Core Concepts
Welfare Equilibria (WE) provide a generalization of Stackelberg strategies that can recover desirable Nash Equilibria in non-coincidental games, where the Stackelberg strategy profile fails. The Welfare Function Search (WelFuSe) algorithm adaptively chooses an appropriate welfare function to avoid catastrophe in self-play while preserving performance against naive learning opponents.
Abstract
The content discusses the challenges of learning in multi-agent systems, where agents may have misaligned incentives and the environment is non-stationary. Opponent shaping (OS) approaches, which explicitly consider the opponent's incentives and behavior, have been proposed to address these challenges.
The authors first show that the Stackelberg strategy profile, in which both players choose Stackelberg strategies, represents a sensible solution concept in many two-player games. They then demonstrate that several existing OS algorithms can be derived as approximations to Stackelberg strategies.
However, the authors identify a class of "non-coincidental games" in which the Stackelberg strategy profile is not a Nash Equilibrium (NE). This includes several canonical matrix games, such as the Chicken Game, where the Stackelberg strategy profile leads to catastrophic outcomes in self-play.
To address this issue, the authors introduce Welfare Equilibria (WE) as a generalization of Stackelberg strategies. WE allows each player to choose a welfare function, which is then maximized while assuming the opponent plays a best response. The authors show that appropriate choices of welfare functions, such as egalitarian or fairness-based functions, can recover desirable NE solutions in non-coincidental games.

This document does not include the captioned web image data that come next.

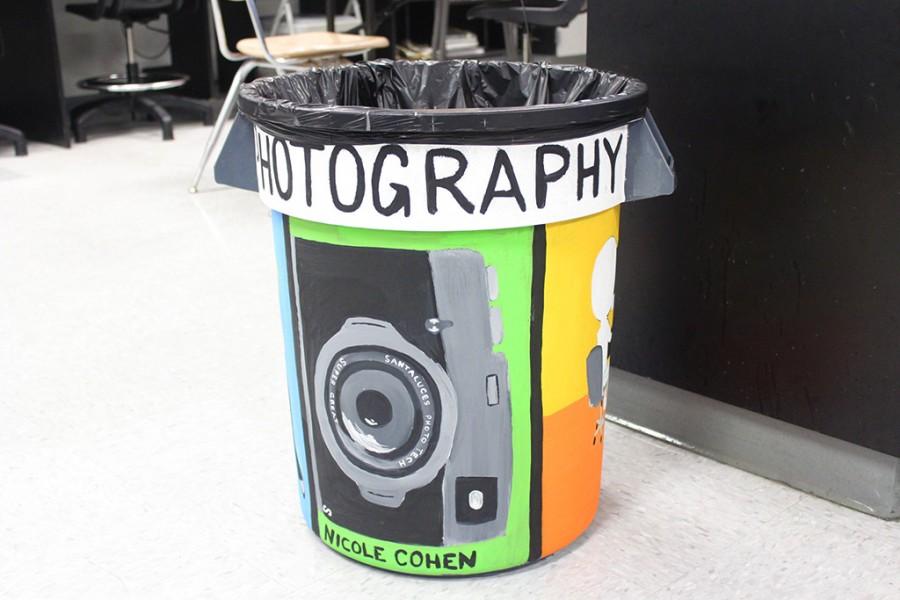 A garbage can gets a paint job from Senior Nicole Cohen.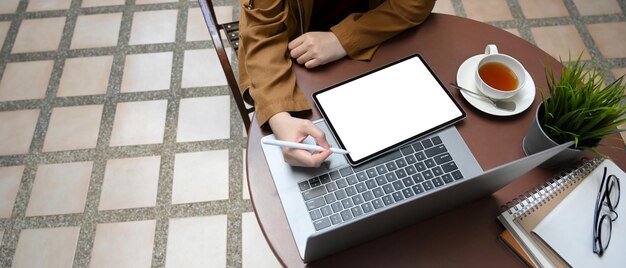 Donna che lavora a distanza in un bar all'aperto utilizzando laptop e tablet tablet mockup schermo bianco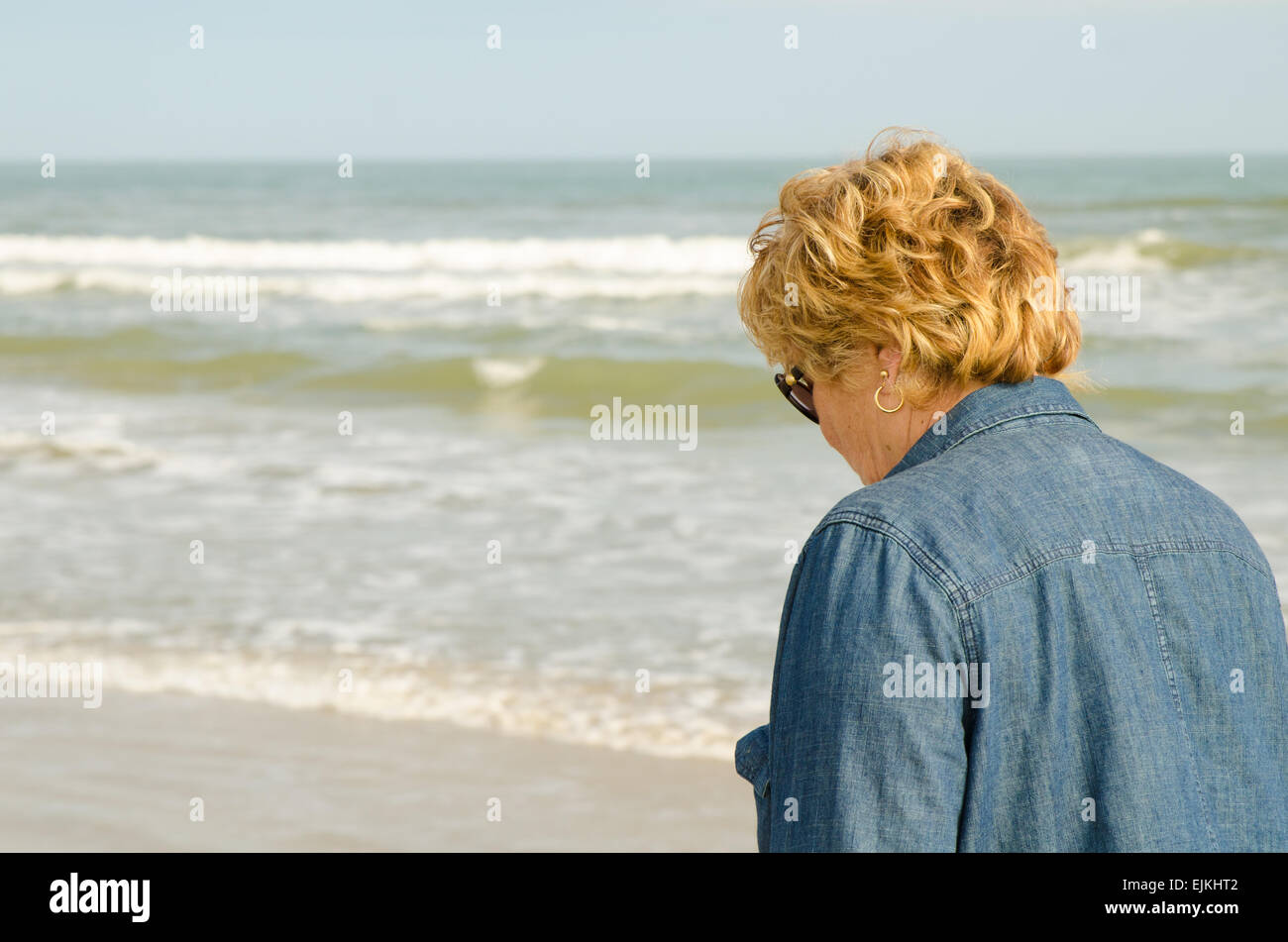 Senior woman in her 60s walking on the beach Stock Photo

Finally, the authors present Welfare Function Search (WelFuSe), a practical algorithm that adaptively chooses the best welfare function from a predefined set, based on experience. WelFuSe is able to preserve performance against naive learning opponents while avoiding catastrophe in self-play, by learning to select non-greedy welfare functions when appropriate.
Stats
The content does not contain any key metrics or important figures to support the author's key logics.
Quotes
The content does not contain any striking quotes supporting the author's key logics.